A new type of slack in the skew has been proposed [1], [2]. This new slack can be compensated for to reduce routing complexity in the clock network and as a byproduct achieve reduction in wire elongation, total wire length, and power. Simulation results illustrate that the proposed approach is feasible and effective where a reduction of 53% in the number of wire elongations has been achieved. In addition, a dual-edge clocking scheme introduced in the literature to enable the operation of the flip-flop at the rising- and falling edges of the clock has been modified. The interval by which the charging elements in the flip-flop are being switched-on was reduced causing a reduction in power consumption [3], [4]. Simulating the flip-flop in STMicroelectronics 90nm technology show correct functionality of the flip-flop with a resonant clock signal of 500MHz and a throughput of 1GHz under process, voltage, and temperature (PVT) variation. Modeling the resonant system with the proposed flip-flop illustrates that dual-edge triggering can achieve up to 58% reduction in power consumption. Furthermore, the application of low-swing clocking to resonant clock distribution network is being investigated. The proposed low-swing resonant clocking scheme operates with one voltage supply and does not require an additional supply voltage. The Differential Conditional Capturing Energy Recovery flip-flop introduced in the literature was modified to operate with a low-swing sinusoidal clock. The layout of a multiply and accumulate unit using the proposed flip-flop with the low-swing clock has been submitted for fabrication using TSMC 90nm technology. The power advantages of low-swing clocking will be investigated on-chip.
Though the project concentration is aimed at the flip-flop side, estimating the power savings achievable through dual-edge and low-swing clocking required estimating the power of the clock driver. In doing so, an analytical approach was introduced to estimate the required driver strength in the clock generator.
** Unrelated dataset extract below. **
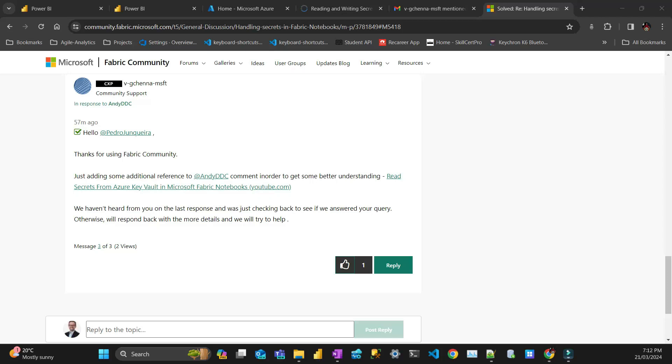Hello everyone, this is Pedro from Pitellista with one more video. This video is a quick one just to show you how to retrieve secrets in Fabric.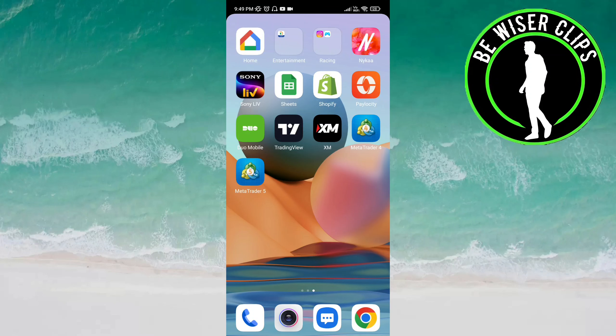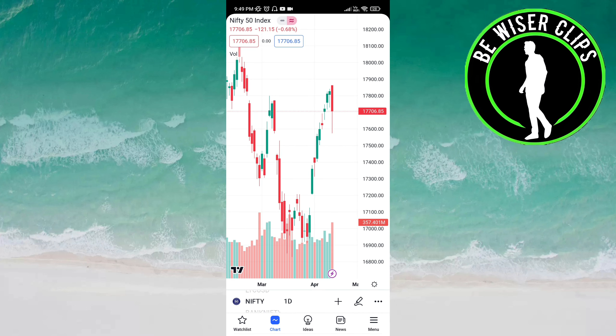Hello friends, welcome back again. In this video we are going to learn how we can select a language on the TradingView app. Let's get started. Open the TradingView app and click on the menu icon on the bottom of the screen on the right side.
Using the proposed approach early at the design stage eliminates the need for programmable switches in the driving circuit, thus reduces area and power overhead.
References
1- S. E. Esmaeili, A. M. Farhangi, A. J. Al-Khalili, G. E. R. Cowan, (January 2010) ‘Skew compensation in energy recovery clock distribution networks’, IET Computers and Digital Techniques, vol. 4, issue 1: 56 – 72
2- S. E. Esmaeili, A. J. Al-Khalili, G. E. R. Cowan, (December 2008) ‘A novel Approach for skew compensation in energy recovery clock distribution networks’, IEEE 20th International Conference on Microelectronics, IEEE-ICM: 365 – 368
3- S. E. Esmaeili, A. J. Al-Khalili, G. E. R. Cowan, (Accepted – May 2010) ‘Dual-edge triggered sense amplifier flip-flop for resonant clock distribution networks’, IET Computers and Digital Techniques, 16 pages
4- S. E. Esmaeili, A. J. Al-Khalili, G. E. R. Cowan, (June 2010) ‘Dual-edge triggered pulsed energy recovery flip-flops’, 8th IEEE International NEWCAS Conference.